Copy the listing exactly as given. Omit every picture.

[INFORMATION PROVIDED Boundary: Start]

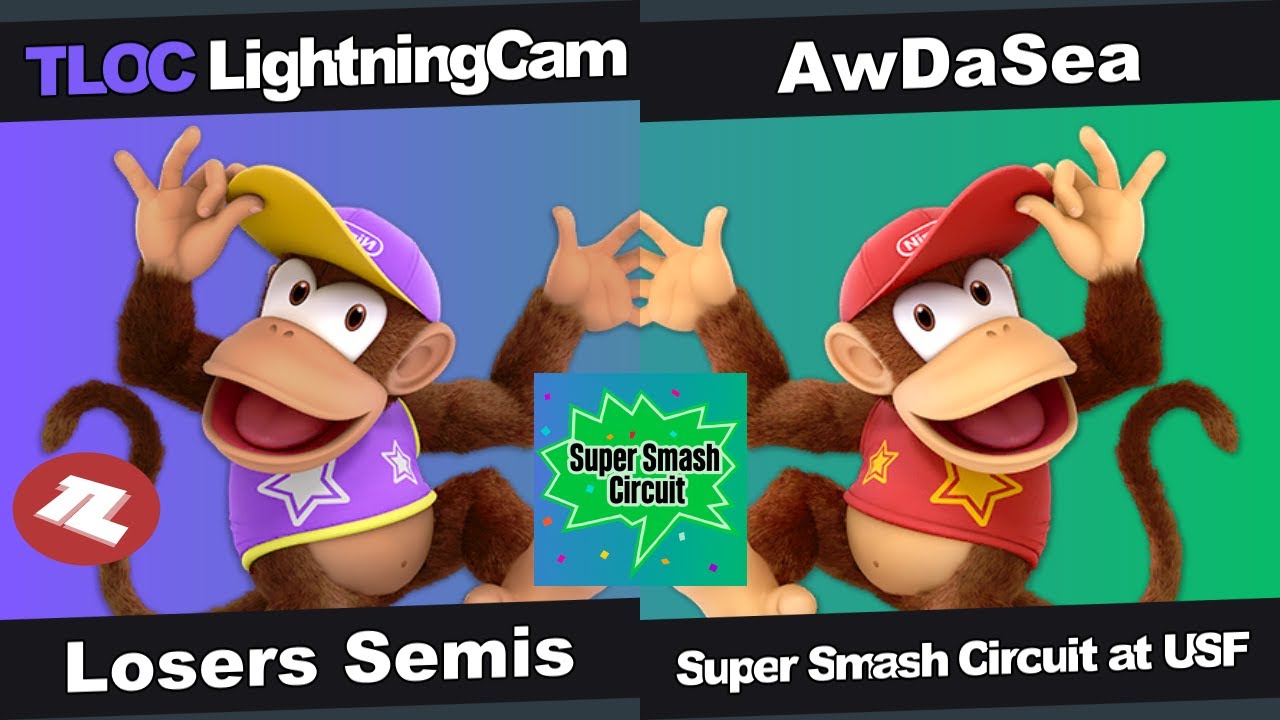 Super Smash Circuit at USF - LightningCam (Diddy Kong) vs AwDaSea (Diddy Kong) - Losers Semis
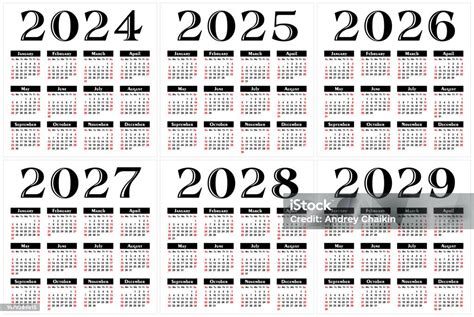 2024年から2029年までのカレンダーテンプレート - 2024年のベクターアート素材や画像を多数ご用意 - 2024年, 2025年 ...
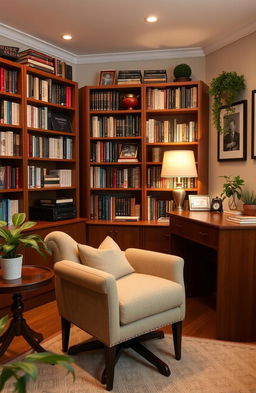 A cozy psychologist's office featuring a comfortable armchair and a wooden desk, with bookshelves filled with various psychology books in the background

[INFORMATION PROVIDED Boundary: End]

SOLVED PROBLEM -
 Super Smash Circuit at USF - LightningCam (Diddy Kong) vs AwDaSea (Diddy Kong) - Losers Semis
 2024年から2029年までのカレンダーテンプレート - 2024年のベクターアート素材や画像を多数ご用意 - 2024年, 2025年 ...
 A cozy psychologist's office featuring a comfortable armchair and a wooden desk, with bookshelves filled with various psychology books in the background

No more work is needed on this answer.